Lyrics & Knowledge Personal Pages Record Shop Auction Links Radio & Media Kids Membership Help
The Mudcat Cafesj



User Name Thread Name Subject Posted
Sandy Paton Lyr ADD: Chamber Lye / John Harloson's Saltpeter (87* d) Lyr Add: JOHN HARLOSON'S SALTPETER^^^ 08 Aug 00


Two Civil War versions in Randolph's Blow the Candle Out. Here's the first (Confederate):

JOHN HARLOSON'S SALTPETER^^^
Montgomery, Alabama, 1864

NOTICE: The ladies of Montgomery are respectfully requested to save all the chamber lye that accumulates on their premises, so that the saltpeter can be extracted from it to be used in making gunpowder for the Army. A barrel will be sent around each morning to collect it.
John Harloson
Agent, Confederate Army


John Harloson, John Harloson,
You are a wretched creature,
You've added to this bloody war
A new and useful feature.

You'd have us think that every man
Is bound to be a fighter,
While the ladies, bless the pretty dears,
Must save their pee for nitre.

John Harloson, John Harloson,
Where did you get the notion
To send your barrel 'round the town
To gather up the lotion?

We thought the girls had worked enough
In making shirts and kissing,
But you have put the pretty dears
To patriotic pissing.

John Harloson, John Harloson,
Do pray invent a neater
And somewhat less immodest way
Of getting your saltpeter.

For it's an awful idea, John,
Gunpowdery and cranky,
That when a lady lifts her skirts
She's killing off a Yankee.

(The confederate wits had a lot of fun with the "John Harloson" poem. Then the Federals got hold of it, and some Yankee wrote his version:)

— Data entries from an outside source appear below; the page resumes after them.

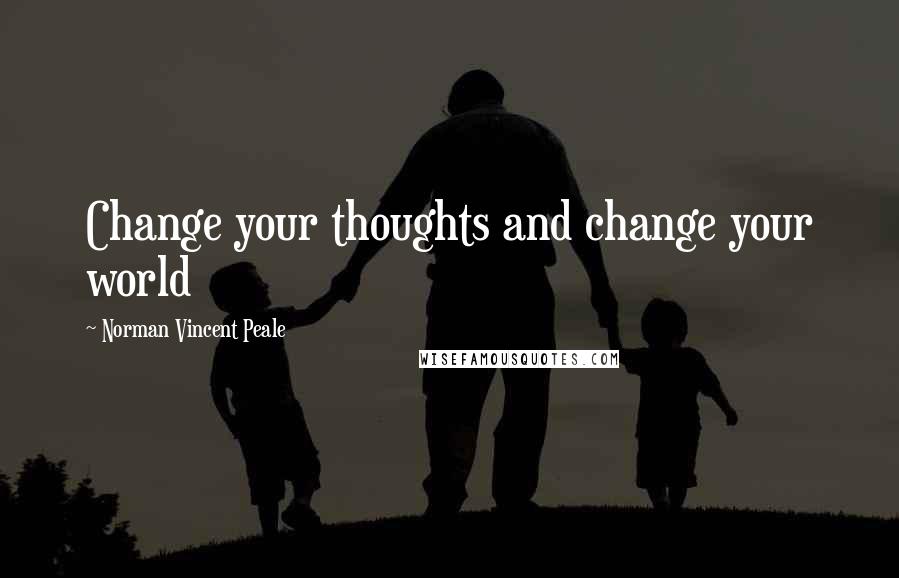 Norman Vincent Peale quotes: Change your thoughts and change your world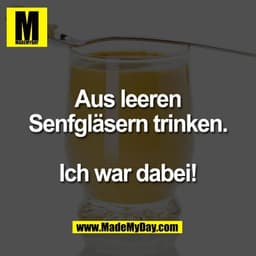Aus leeren
Senfgläsern trinken.

Ich war dabei!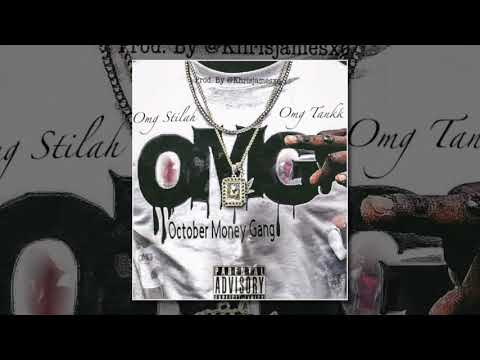 OMG Stilah x OMG Tankk - OMG Gang (AUDIO)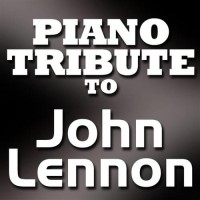 Purchase Piano Tribute Players - John Lennon Piano Tribute (EP)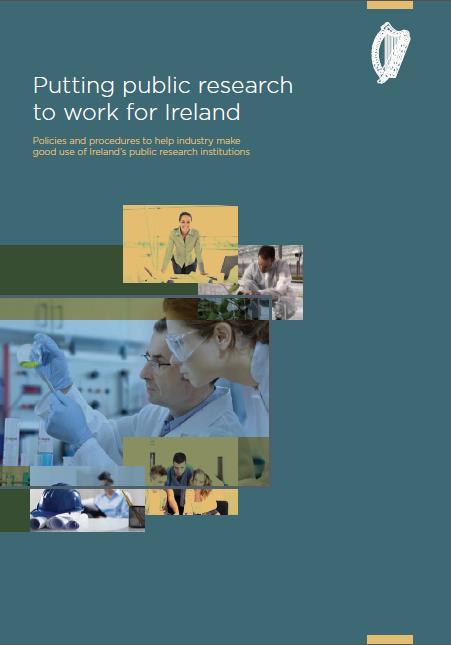 Putting Public Research to Work for Ireland? Published by Government (DJEI) in June 2012. Recommendation of the Report of the Innovation Taskforce, 2010.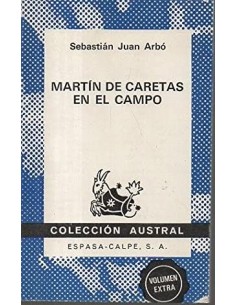 MARTÍN DE CARETAS EN EL CAMPO
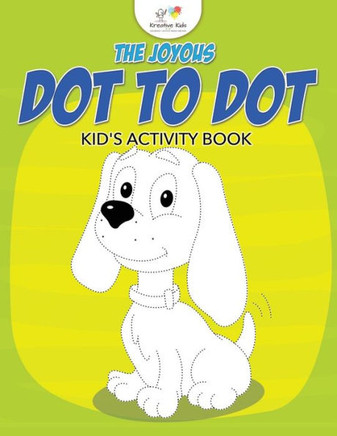 The Joyous Dot To Dot Kid'S Activity Book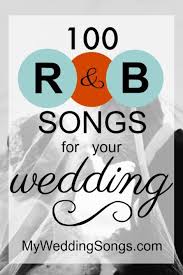 Top 150 R B Wedding Songs 2020 My Wedding Songs Ceremony Songs Wedding Songs Reception Wedding Ceremony Songs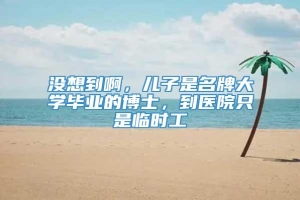 没想到啊，儿子是名牌大学毕业的博士，到医院只是临时工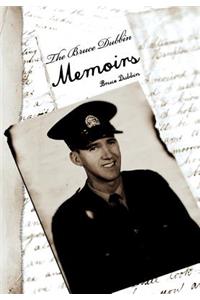 The Bruce Dubbin Memoirs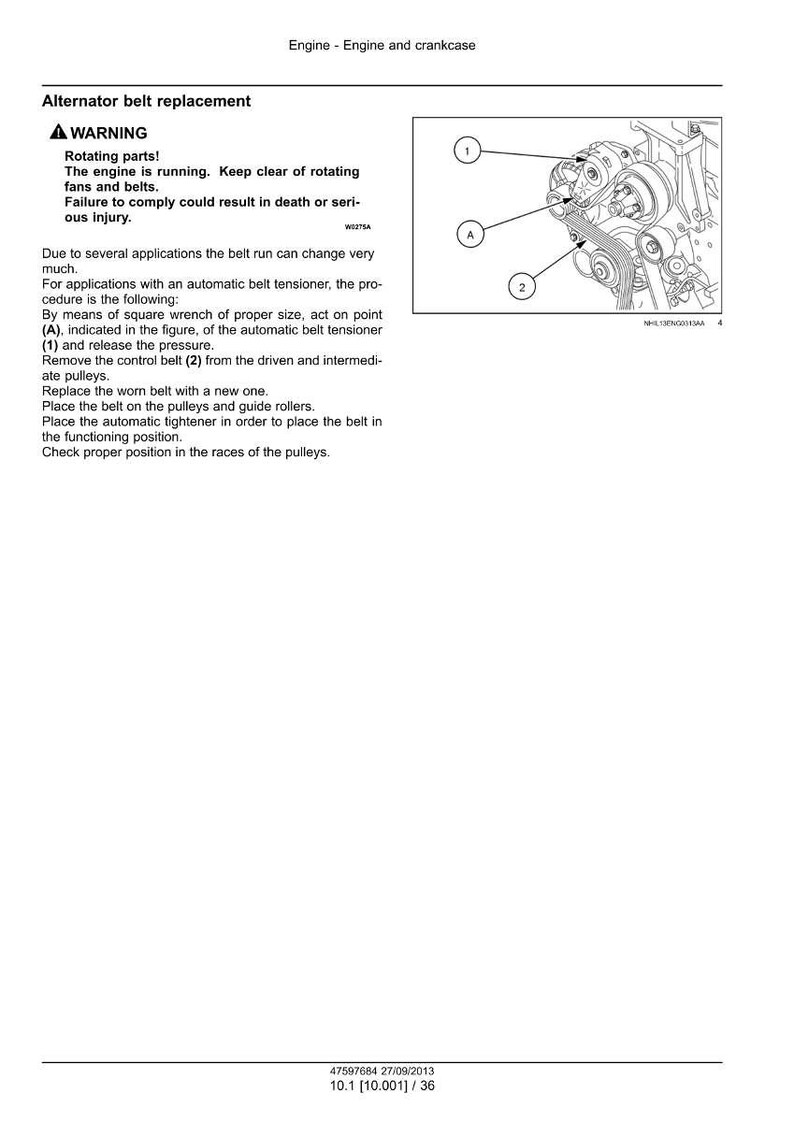 May include: Diagram illustrating alternator belt replacement, with numbered components and a warning about rotating parts. Includes text instructions for the procedure, with measurements in inches.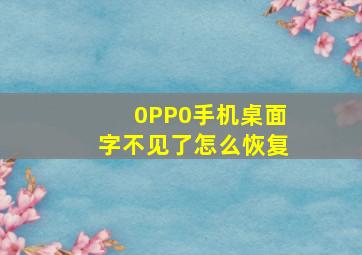 0PP0手机桌面字不见了怎么恢复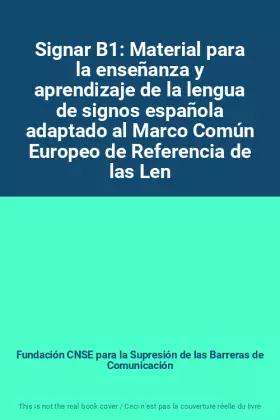 Couverture du produit · Signar B1: Material para la enseñanza y aprendizaje de la lengua de signos española adaptado al Marco Común Europeo de Referenc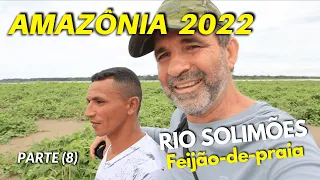 BACK TO MANGUEIRA COMMUNITY (Part 8) SOLIMÕES RIVER BEACH BEANS | AMAZON 2022
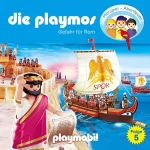 Simon X. Rost, Florian Fickel: Gefahr für Rom. Das Original Playmobil Hörspiel: Die Playmos 5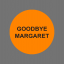 Goodbye Margaret
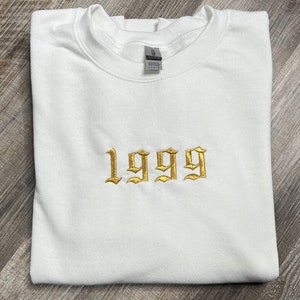 Golden Embroidered birth Year Sweatshirt Trendy Crewneck Hoodie birthday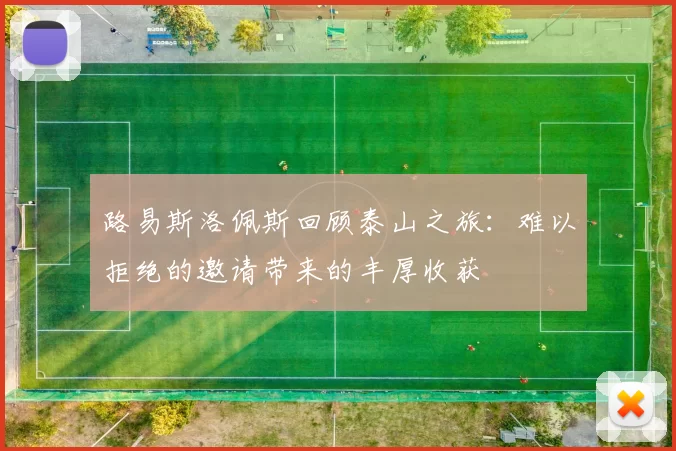 路易斯洛佩斯回顾泰山之旅：难以拒绝的邀请带来的丰厚收获
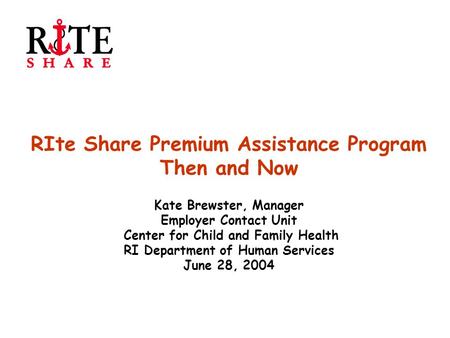 RIte Share Premium Assistance Program Then and Now Kate Brewster, Manager Employer Contact Unit Center for Child and Family Health RI Department of Human.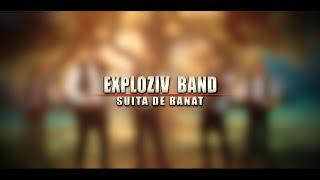 Exploziv Band - Suită de Banat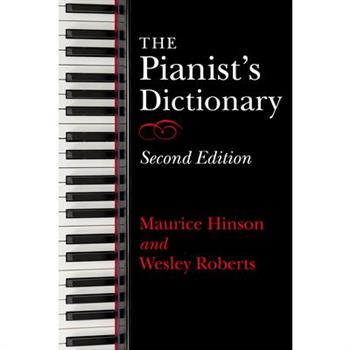 The Pianist’s Dictionary, Second Edition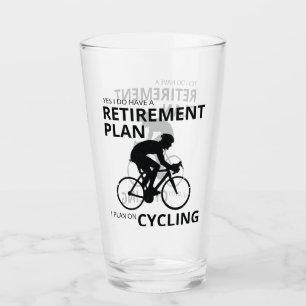 I plan on cycling when i retire glass
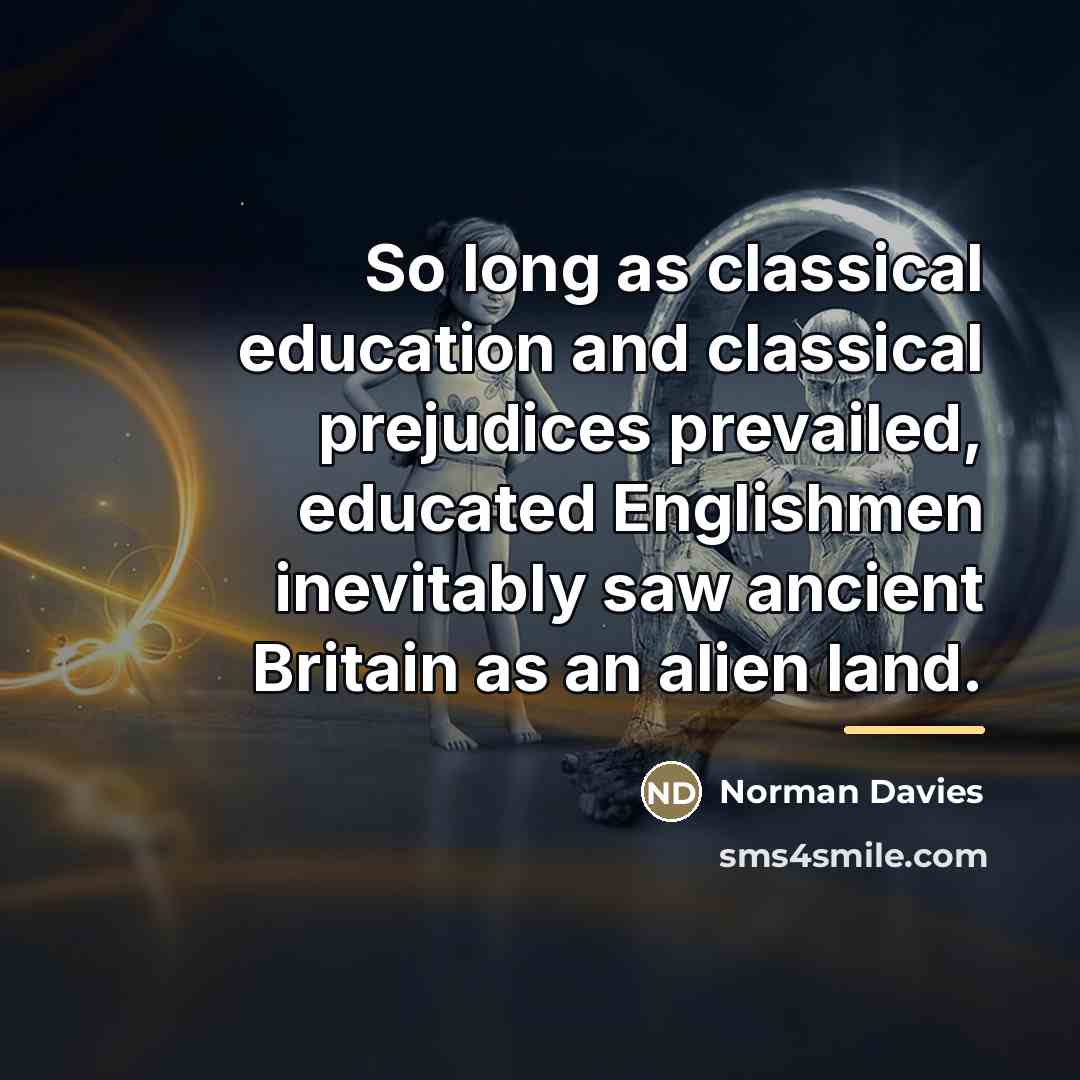 “So long as classical education and classical prejudices prevailed, educated…” quote by Norman Davies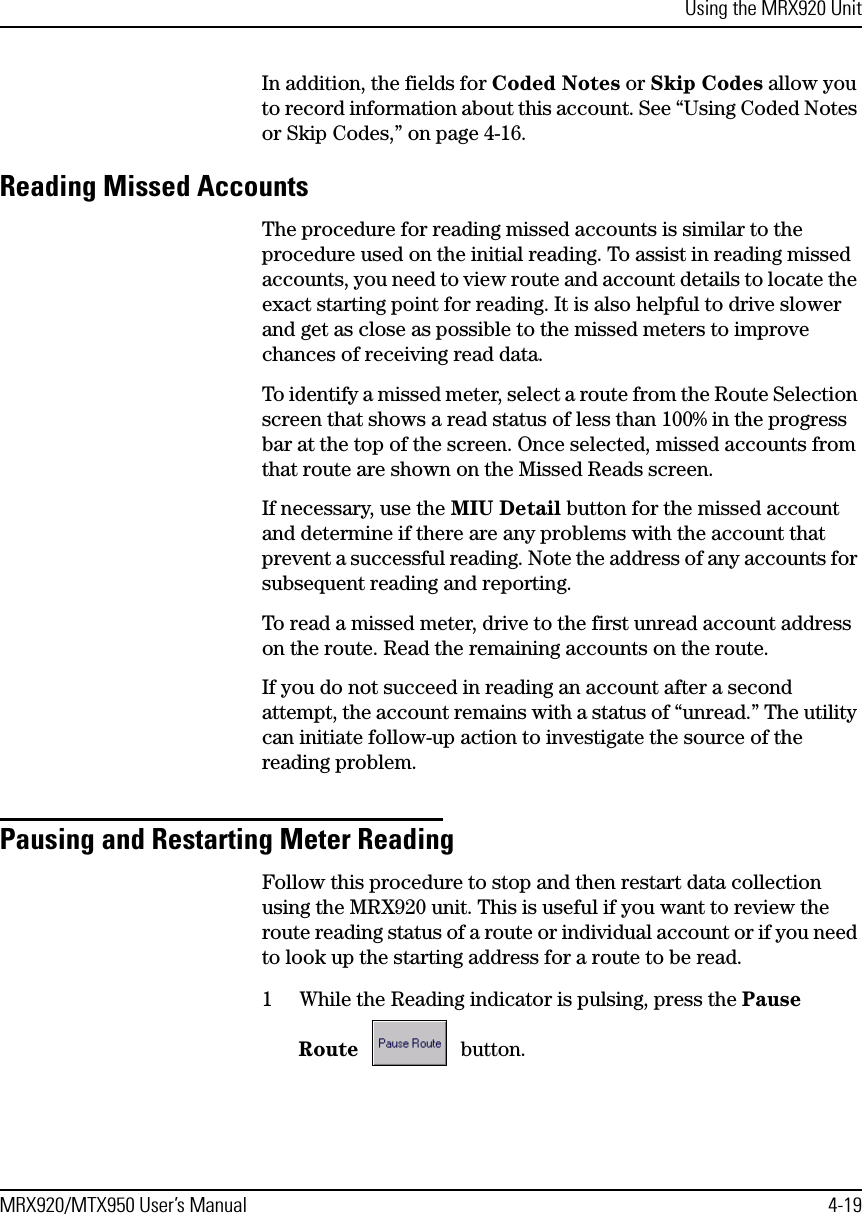 Using the MRX920 UnitMRX920/MTX950 User’s Manual 4-19In addition, the fields for Coded Notes or Skip Codes allow you to record information about this account. See “Using Coded Notes or Skip Codes,” on page 4-16.Reading Missed AccountsThe procedure for reading missed accounts is similar to the procedure used on the initial reading. To assist in reading missed accounts, you need to view route and account details to locate the exact starting point for reading. It is also helpful to drive slower and get as close as possible to the missed meters to improve chances of receiving read data.To identify a missed meter, select a route from the Route Selection screen that shows a read status of less than 100% in the progress bar at the top of the screen. Once selected, missed accounts from that route are shown on the Missed Reads screen.If necessary, use the MIU Detail button for the missed account and determine if there are any problems with the account that prevent a successful reading. Note the address of any accounts for subsequent reading and reporting.To read a missed meter, drive to the first unread account address on the route. Read the remaining accounts on the route.If you do not succeed in reading an account after a second attempt, the account remains with a status of “unread.” The utility can initiate follow-up action to investigate the source of the reading problem.Pausing and Restarting Meter ReadingFollow this procedure to stop and then restart data collection using the MRX920 unit. This is useful if you want to review the route reading status of a route or individual account or if you need to look up the starting address for a route to be read.1 While the Reading indicator is pulsing, press the Pause Route  button. 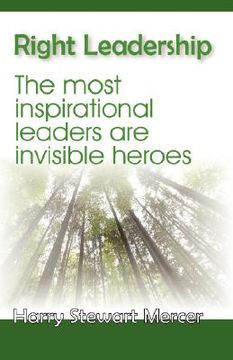 portada right leadership: the most inspirational leaders are invisible heroes the most inspirational leaders are invisible heroes (en Inglés)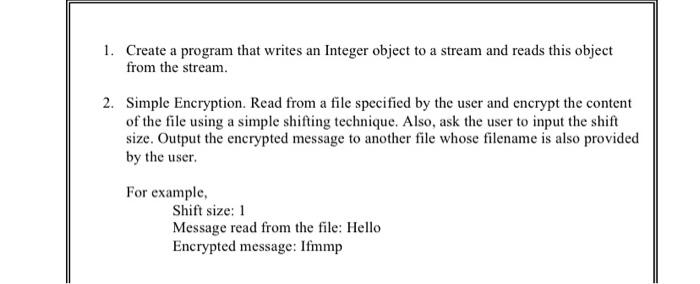 Solved 1. Create a program that writes an Integer object to | Chegg.com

John Harloson, John Harloson,
We've heard in song and story
How women's tears through all the years
Have moistened fields of glory.

But never have we heard, John,
That 'mid such scenes and slaughter,
Your southern beauties dried their tears
And went to making water.

No wonder Rebel boys are brave;
Who wouldn't be a fighter
When every time he fired his gun
He used his sweetheart's nitre?

And vice versa, what could make
A Yankee soldier sadder
Than dodging bullets fired by
A pretty woman's bladder?

They say there is a subtle smell
That lingers in the powder,
And as the smoke grows thicker
And the din of battle louder,

That there is found in this compound
One serious objection:
No soldier boy can sniff it
Without having an erection.


During World War I this song and its reply were revived, with the same story and most of the same lines, but now all run together as of the hard-pressed Germans being forced to use the ladies' "chamber lye" after the American entry into the war in 1917. See the Ed Cray text above, sung to the tune of "O Tannenbaum," or "Maryland, My Maryland."

Sandy ^^


Post to this Thread -

Back to the Main Forum Page

By clicking on the User Name, you will requery the forum for that user. You will see everything that he or she has posted with that Mudcat name.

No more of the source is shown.